The most anyone can do is try to give a child as much practical life skills type education in their personal households. Part of this equation is that the majority of parents out there today are likely not suited to be parents. If you won't show up at a Jamba Juice or something like that, and put on an apron and shove fruit into blender and sweep some floors but would rather see your kids potentially be homeless in a few months, then why exactly are you a parent in the first place?
Most people don't get that you can't choose two things at once. You cannot, on an individual adult level, choose your narcissism or your fear of failure or your doubt or whatever is holding you back in life, and then also choose what's best for young children.

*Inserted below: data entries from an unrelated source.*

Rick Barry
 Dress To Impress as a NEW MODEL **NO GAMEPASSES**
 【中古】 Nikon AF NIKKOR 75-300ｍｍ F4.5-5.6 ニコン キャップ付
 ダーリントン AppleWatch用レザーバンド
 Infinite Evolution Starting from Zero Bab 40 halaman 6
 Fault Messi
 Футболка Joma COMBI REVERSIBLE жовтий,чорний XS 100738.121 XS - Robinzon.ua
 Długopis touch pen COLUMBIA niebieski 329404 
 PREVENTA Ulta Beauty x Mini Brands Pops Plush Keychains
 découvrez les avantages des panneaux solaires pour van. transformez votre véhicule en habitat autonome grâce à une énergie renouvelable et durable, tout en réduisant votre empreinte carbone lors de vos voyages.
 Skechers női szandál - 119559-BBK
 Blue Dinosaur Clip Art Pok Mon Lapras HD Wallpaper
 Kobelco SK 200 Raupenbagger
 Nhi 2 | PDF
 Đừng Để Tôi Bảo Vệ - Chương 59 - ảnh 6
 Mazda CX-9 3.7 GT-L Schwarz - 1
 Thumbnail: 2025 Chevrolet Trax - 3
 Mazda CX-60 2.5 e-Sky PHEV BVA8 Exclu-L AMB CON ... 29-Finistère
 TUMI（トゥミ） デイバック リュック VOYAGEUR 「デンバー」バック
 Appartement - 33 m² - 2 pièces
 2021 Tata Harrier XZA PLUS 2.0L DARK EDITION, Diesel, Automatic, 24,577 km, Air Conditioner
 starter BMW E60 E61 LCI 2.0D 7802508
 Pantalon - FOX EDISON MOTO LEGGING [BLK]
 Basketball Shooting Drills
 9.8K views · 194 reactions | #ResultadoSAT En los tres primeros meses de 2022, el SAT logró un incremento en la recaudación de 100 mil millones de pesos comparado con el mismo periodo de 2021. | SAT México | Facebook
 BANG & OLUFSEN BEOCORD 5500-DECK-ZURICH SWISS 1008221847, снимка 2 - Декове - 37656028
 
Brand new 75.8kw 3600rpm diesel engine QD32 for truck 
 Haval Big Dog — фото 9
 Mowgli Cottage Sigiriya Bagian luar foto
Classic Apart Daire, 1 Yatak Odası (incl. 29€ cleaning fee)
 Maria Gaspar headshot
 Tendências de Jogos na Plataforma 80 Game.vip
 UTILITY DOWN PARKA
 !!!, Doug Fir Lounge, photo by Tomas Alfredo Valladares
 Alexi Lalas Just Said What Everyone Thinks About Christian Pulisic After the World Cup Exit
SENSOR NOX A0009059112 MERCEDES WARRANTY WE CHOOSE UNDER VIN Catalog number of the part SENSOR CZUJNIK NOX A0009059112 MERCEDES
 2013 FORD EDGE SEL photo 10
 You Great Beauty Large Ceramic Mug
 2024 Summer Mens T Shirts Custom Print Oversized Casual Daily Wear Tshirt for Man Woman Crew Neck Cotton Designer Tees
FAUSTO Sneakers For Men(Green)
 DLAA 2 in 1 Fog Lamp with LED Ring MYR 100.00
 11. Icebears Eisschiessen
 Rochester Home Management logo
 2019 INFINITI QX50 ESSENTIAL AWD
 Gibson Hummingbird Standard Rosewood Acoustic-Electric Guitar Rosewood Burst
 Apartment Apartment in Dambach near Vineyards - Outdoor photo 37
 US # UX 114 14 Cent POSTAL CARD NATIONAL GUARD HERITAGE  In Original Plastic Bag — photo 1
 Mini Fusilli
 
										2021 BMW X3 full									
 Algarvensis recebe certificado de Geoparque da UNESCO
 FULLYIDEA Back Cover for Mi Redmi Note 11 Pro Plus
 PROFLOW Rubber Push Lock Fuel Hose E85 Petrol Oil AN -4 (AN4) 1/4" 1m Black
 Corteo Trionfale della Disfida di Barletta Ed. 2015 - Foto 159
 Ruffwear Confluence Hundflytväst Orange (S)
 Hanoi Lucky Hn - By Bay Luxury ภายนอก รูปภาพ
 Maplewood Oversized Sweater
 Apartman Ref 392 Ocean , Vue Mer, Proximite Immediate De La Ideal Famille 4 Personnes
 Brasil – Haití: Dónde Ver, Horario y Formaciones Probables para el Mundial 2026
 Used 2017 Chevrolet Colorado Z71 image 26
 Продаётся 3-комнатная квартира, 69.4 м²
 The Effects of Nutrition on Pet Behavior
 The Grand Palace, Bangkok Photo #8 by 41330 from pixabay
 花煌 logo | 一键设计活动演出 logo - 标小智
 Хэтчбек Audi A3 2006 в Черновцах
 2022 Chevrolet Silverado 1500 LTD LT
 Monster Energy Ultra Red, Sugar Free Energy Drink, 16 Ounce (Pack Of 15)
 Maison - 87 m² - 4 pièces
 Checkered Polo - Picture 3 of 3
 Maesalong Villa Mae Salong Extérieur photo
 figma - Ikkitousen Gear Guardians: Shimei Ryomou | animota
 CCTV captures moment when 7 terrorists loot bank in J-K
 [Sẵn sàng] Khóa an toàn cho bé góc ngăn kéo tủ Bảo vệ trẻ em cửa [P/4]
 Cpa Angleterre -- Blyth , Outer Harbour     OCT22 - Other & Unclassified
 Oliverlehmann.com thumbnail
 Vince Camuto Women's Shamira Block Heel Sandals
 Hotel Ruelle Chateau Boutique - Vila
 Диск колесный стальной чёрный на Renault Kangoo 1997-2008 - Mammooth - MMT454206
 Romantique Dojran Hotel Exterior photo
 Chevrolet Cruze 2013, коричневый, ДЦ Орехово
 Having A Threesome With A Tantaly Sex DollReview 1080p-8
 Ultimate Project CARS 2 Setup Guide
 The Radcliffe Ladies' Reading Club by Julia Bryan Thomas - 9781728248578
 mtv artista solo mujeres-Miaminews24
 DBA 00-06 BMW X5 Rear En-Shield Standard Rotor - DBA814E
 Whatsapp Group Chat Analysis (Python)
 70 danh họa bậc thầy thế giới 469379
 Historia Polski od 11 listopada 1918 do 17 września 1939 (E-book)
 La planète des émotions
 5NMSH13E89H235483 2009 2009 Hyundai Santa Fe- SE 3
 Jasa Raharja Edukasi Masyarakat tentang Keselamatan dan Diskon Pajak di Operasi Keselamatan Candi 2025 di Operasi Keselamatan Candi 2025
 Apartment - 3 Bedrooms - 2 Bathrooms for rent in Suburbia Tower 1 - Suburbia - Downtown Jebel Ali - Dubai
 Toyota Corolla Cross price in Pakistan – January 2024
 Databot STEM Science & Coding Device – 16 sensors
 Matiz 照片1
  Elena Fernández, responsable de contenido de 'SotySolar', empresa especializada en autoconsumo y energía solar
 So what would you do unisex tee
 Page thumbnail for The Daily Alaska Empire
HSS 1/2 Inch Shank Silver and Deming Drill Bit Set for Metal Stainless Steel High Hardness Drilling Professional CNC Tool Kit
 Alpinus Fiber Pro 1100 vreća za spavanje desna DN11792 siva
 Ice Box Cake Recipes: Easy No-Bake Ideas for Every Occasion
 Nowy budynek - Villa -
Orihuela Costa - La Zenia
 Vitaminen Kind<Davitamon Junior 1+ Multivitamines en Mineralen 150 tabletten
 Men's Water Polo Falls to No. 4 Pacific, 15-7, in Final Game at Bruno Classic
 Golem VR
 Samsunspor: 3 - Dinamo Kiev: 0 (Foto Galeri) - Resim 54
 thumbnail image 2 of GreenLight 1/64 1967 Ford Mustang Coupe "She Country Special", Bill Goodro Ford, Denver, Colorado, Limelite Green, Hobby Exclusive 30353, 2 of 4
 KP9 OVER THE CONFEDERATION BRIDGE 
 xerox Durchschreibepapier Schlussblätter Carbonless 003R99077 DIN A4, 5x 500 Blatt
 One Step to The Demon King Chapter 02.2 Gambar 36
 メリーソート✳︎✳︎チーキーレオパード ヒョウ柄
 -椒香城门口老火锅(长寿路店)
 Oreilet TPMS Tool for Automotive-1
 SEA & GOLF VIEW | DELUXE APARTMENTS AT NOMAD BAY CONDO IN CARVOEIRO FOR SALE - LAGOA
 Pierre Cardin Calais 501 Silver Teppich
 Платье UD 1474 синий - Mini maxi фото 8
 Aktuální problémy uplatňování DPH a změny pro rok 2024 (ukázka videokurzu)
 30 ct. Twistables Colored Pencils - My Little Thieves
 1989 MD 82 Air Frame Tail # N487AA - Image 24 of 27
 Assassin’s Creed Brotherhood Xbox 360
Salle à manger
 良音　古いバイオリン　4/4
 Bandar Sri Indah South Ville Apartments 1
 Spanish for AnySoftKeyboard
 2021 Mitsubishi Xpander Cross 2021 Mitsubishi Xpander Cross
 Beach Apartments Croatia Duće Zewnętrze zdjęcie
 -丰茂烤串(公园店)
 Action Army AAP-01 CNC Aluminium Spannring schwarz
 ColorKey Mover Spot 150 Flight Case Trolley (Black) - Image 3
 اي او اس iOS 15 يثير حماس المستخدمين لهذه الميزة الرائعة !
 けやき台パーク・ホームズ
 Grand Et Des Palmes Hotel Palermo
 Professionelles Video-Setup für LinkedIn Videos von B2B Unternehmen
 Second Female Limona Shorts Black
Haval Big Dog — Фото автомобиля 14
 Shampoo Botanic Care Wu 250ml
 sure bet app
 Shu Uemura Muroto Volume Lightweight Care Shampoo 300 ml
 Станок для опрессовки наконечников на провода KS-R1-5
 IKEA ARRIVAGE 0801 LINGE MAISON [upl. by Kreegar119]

Some people pick their demons, the ones they sleep with at night, over their own kids. Even to the point of risking those kids out on the streets and untethered over it. Again, why are some people parents?
Does that offend people? Because I don't care if it offends people. My parents were horrible people. I certainly would have been better off not being born at all. I did not make it to the other side. I only have the social/cultural/material trappings of "success" where society will say I made it to the other side. But I still carry all of that legacy with me. The evil in them, the evil that decided to choose to have a child and then abandon their child, some of that poison is deep down within me. That was my greatest fear for my godson, that I'd only revert to being the father who outright refused to raise me. I love my godson more than my own life. But I didn't enjoy raising him. Not a single bit of it. I don't begrudge him anything, he was an innocent, but I understand I am not naturally suited to be a parent. The only litmus test I had left was to understand that I had to change the worst parts of myself, so I could try each day to become the kind of man that I wanted him to grow to be, so he'd have a chance in this life.
What did Herb Brooks say to Mike Eruzione? He said -
Worry about your own game, trust me, there's plenty there to keep you busy.
I see far too many parents who have not gotten past the worst parts of themselves as individuals. Why try to have a child on top of that? Or multiple children? So they can grow up and be tossed out on the street because you won't work at a Jamba Juice and have to bus a table that might be full of your other local "helicopter over privileged school mom fake friends"?
A highly rated expensive private school does not wash away these other issues above. It doesn't make up for the toxic pathology of what many parents do as discussed above.
@Otis complains endlessly in public about becoming a borderline alcoholic, yelling at his family, being unhealthy physically to the point of risk, acknowledging he's evolved into a fully formed hateful resentful person, for a life he chose no less, and the only person who challenges him on the toxicity of that as a zero example to his actual children is the retired geriatric who is the truly the most "not a good person, not even close" individual here?
The kind of schools out there is a problem. I won't disagree. But the real war for your kid's futures is fought in your homes first. It's fought at an individual level through you and being accountable to reaching your full potential as an authentic person.